-- SUPPLIED ENTRIES follows --

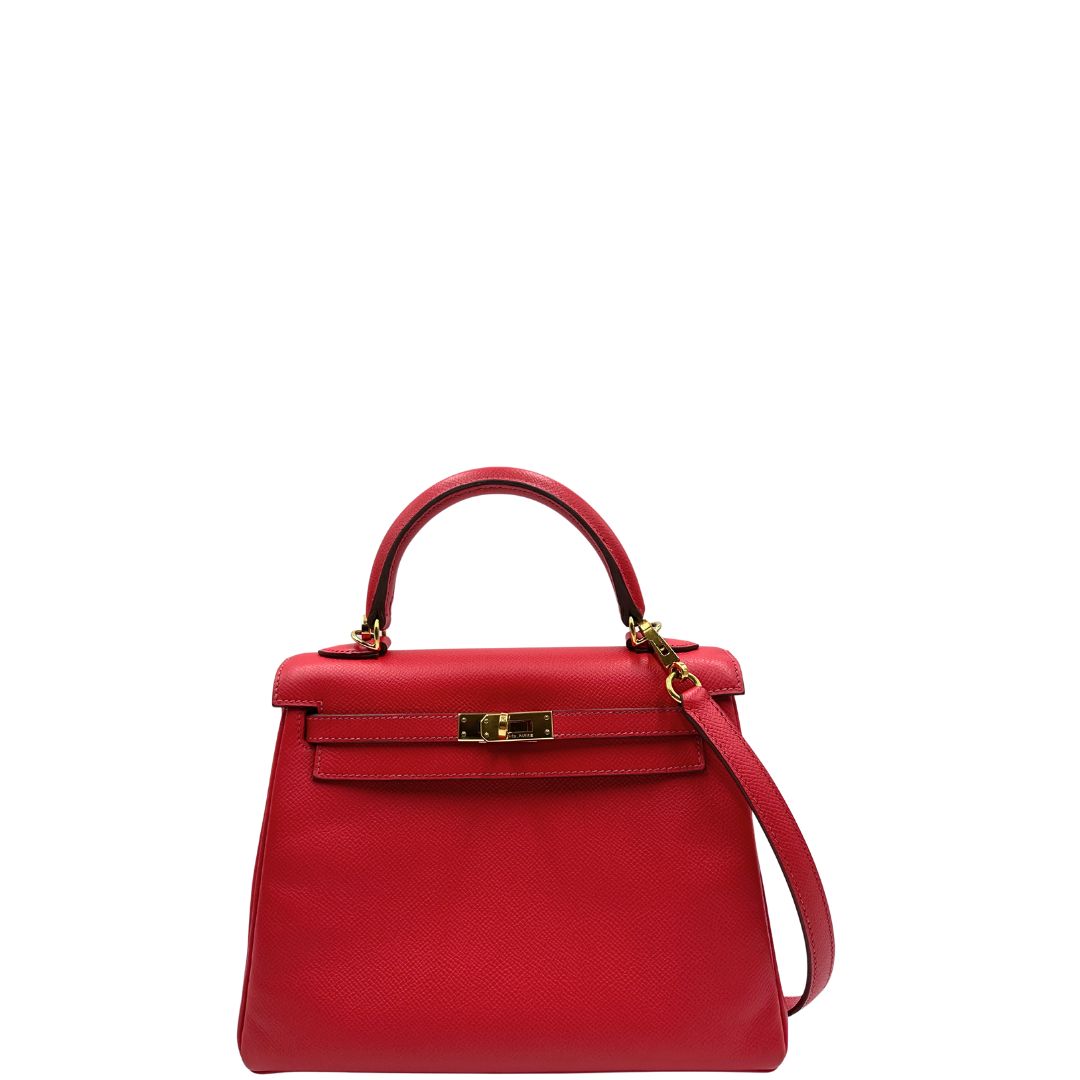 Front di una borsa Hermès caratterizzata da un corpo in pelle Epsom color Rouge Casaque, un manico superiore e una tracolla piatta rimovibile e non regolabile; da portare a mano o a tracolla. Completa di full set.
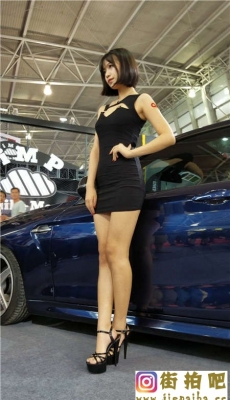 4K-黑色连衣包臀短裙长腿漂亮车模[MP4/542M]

-- SUPPLIED ENTRIES concluded --
-- SUPPLIED ENTRIES follows --

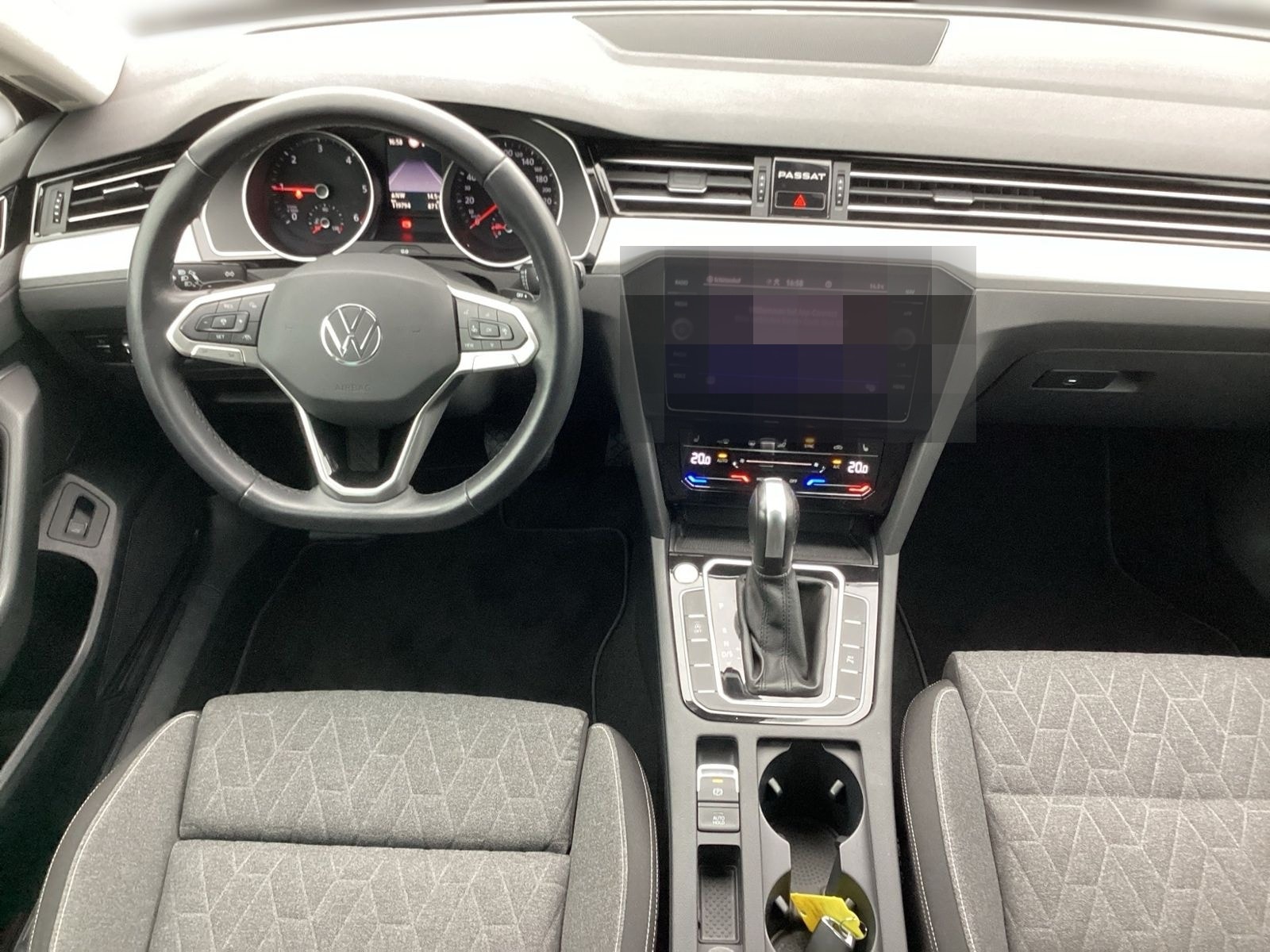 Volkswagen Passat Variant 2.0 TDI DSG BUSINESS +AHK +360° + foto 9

-- SUPPLIED ENTRIES concluded --
-- SUPPLIED ENTRIES follows --

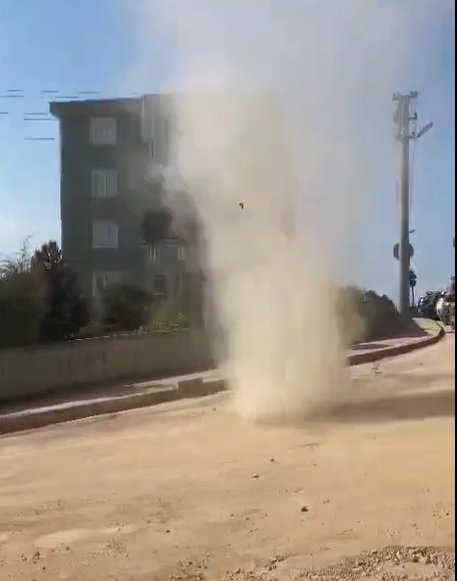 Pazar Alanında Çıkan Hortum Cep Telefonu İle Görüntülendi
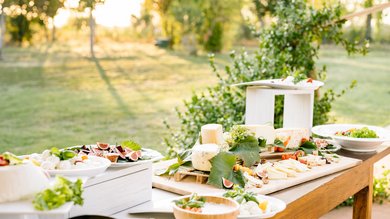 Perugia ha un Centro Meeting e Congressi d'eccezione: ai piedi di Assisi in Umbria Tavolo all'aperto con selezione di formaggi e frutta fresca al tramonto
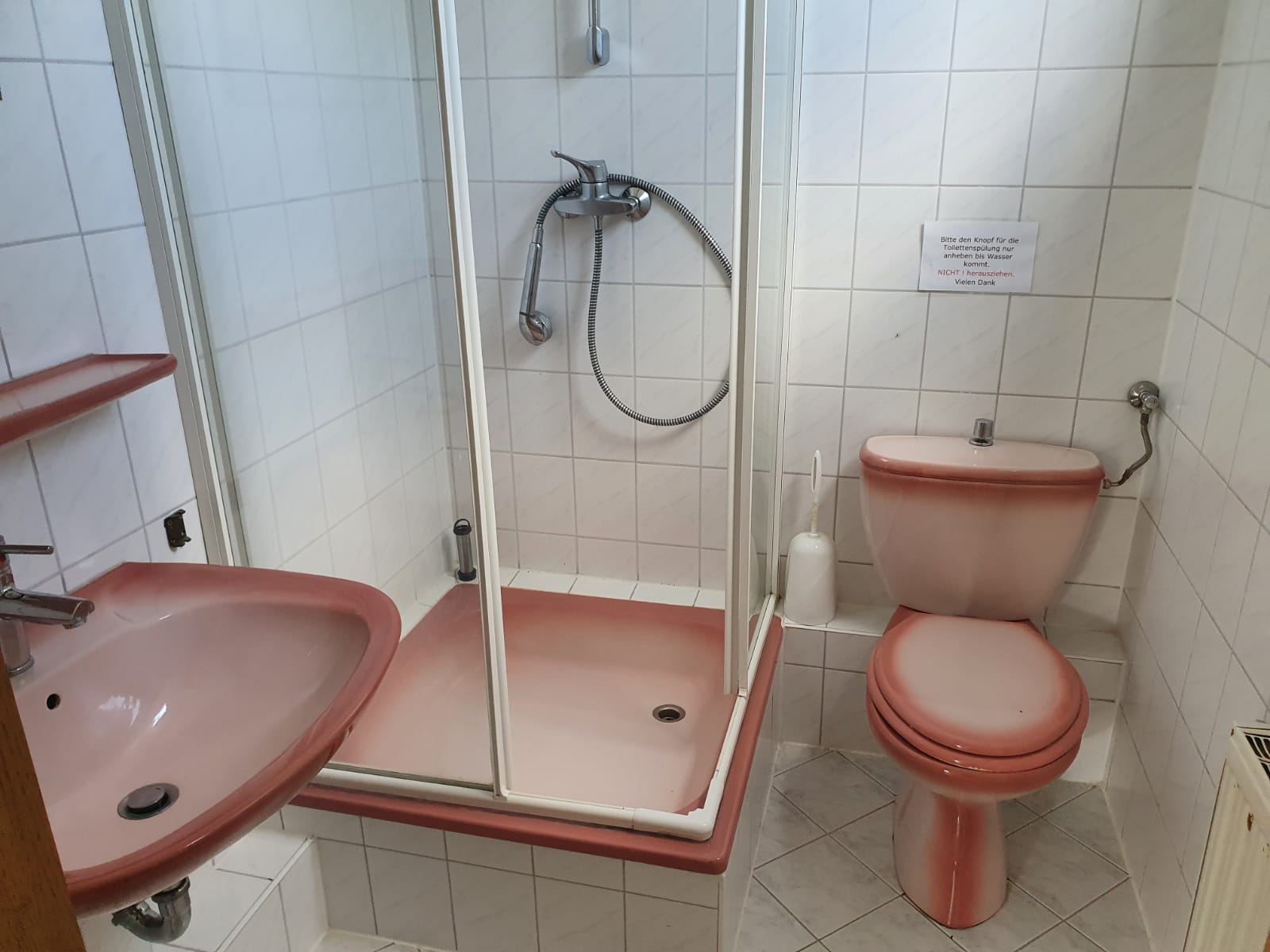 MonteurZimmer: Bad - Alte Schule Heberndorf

-- SUPPLIED ENTRIES concluded --

# WORK REQUEST
Within the listing above, find the line containing "Perugia ha un" and the line containing "MonteurZimmer: Bad - Alte Schule Heberndorf". Transcribe them and everything between them exactly, leaving out the pictures.

# EXERCISE SOLUTION
 Perugia ha un Centro Meeting e Congressi d'eccezione: ai piedi di Assisi in Umbria Tavolo all'aperto con selezione di formaggi e frutta fresca al tramonto
 MonteurZimmer: Bad - Alte Schule Heberndorf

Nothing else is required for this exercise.